■ **About this task**: Beginning at the line containing "Certified 2025 Chevrolet", repeat each line below exactly up to and including the line containing "Bedroom 2 - 476 Center St". Do not repeat the pictures.

━━━━━ Material provided ━━━━━

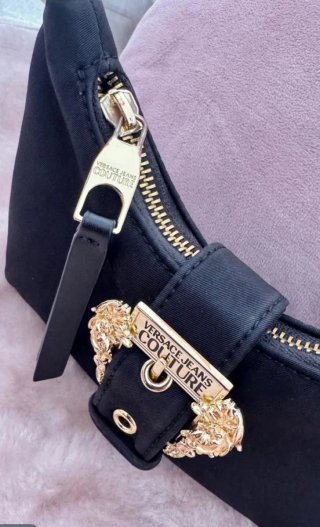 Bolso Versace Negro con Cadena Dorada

━━━━━
━━━━━ Material provided ━━━━━

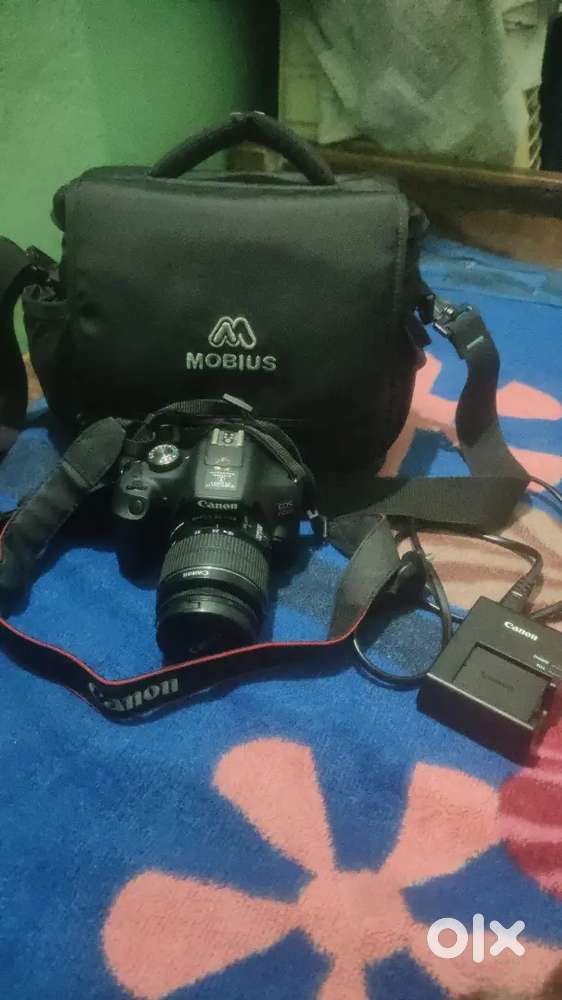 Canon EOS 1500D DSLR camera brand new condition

━━━━━
━━━━━ Material provided ━━━━━

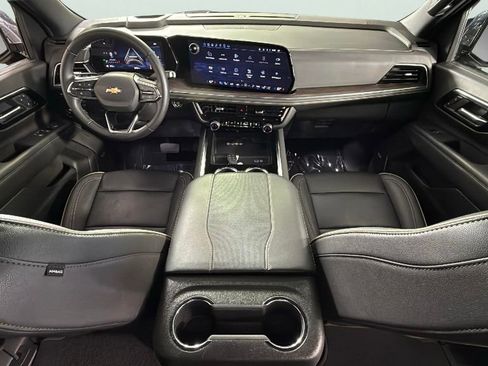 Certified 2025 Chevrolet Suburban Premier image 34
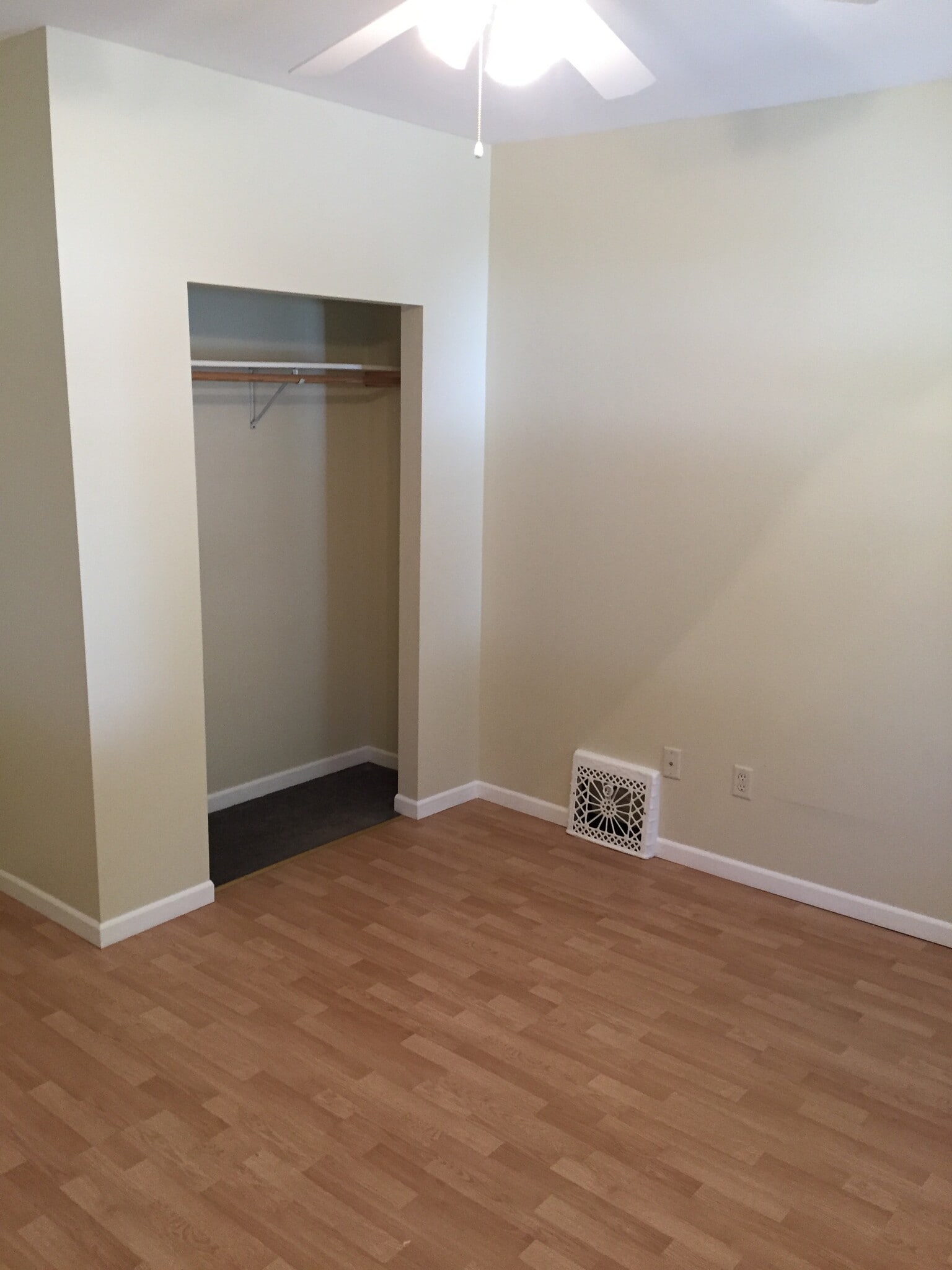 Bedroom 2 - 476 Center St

━━━━━

■ **Worked solution**:
 Certified 2025 Chevrolet Suburban Premier image 34
 Bedroom 2 - 476 Center St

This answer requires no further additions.